Last year, according to PitchBook data, total VC exit value in the US scored a new high of some $287 billion, led by the public debuts of Airbnb (with an IPO valuation of over $40 billion) and Snowflake ($33 billion).
   
Surely that's a whopper of a year for exits by any stretch. We now know, however, that last year's bonanza was merely a taste of things to come: In this year's first half alone, the exit market has already blown away last year's record, with $372 billion in total value, the latest PitchBook-NVCA Venture Monitor reported.

To be sure, this year's early exit bounty reflects the outsize public offerings by crypto-trading specialist Coinbase (valued at over $85 billion out of the gate in April) and online game platform Roblox (nearly $42 billion in March). But even without those two dominant performances, the total exit value for the class of 2021 is 85% of last year's total—well on its way to crushing the previous record.

IPOs, not acquisitions, are the main force at work. Most of the top-value exits in Q2 were from companies going public, according to PitchBook data.

This is all in stark contrast to the scene just a few years ago, when the IPO market was mired in a dry spell even as billion-dollar companies were being minted at a growing clip.

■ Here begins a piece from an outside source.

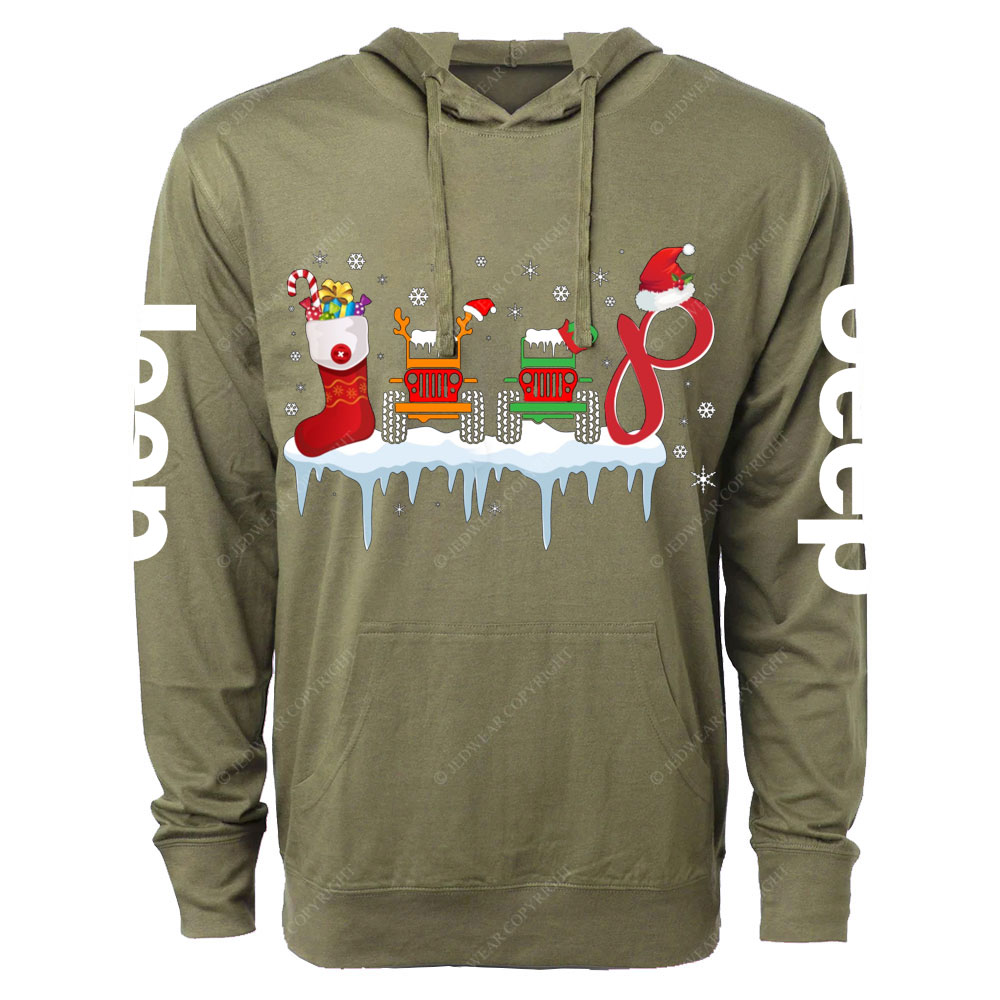 Jps Christmas Santa Claus and Reindeer Oversized Lightweight Hoodie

Relatively few VC-backed companies were going public back then because they had plenty of fundraising alternatives. Following the landmark IPO by Facebook in 2012, vast sums of capital began chasing venture deals, as mutual funds, giant asset managers and corporations flocked to the asset class. And lofty valuations became more common—seemingly out of nowhere: In the year after Facebook's IPO, 23 new unicorns emerged globally; by 2018 the yearly total had leaped to 142, PitchBook data shows.

Companies founded in those years are the ones forming the big waves of today's IPO market.

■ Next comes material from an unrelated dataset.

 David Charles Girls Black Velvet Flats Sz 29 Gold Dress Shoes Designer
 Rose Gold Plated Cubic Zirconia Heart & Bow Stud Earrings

It's not just massive deals like Coinbase and Roblox that tell the story. The number of exits in the US has also been trending higher, and is likely to set another record this year; the first half's 883 deals already represent 75% of the all-time yearly high, set in 2019.

Of course the SPAC effect must be acknowledged. The flood of newly created blank-check companies seeking to take private companies public has been a significant factor on the acquisition front, accounting for 34 of the 123 public offerings through June 30, after 33 such deals were done in all of 2020.

Fittingly, one of those reverse-merger deals was the vehicle that will allow WeWork to make its own long-awaited journey to Wall Street. A SPAC called BowX Acquisition Corp. agreed in March to take the SoftBank-controlled shared-office provider public at a $9 billion valuation. However, that's a fraction of the $47 billion WeWork commanded just before it was forced to scrap its market debut almost two years ago.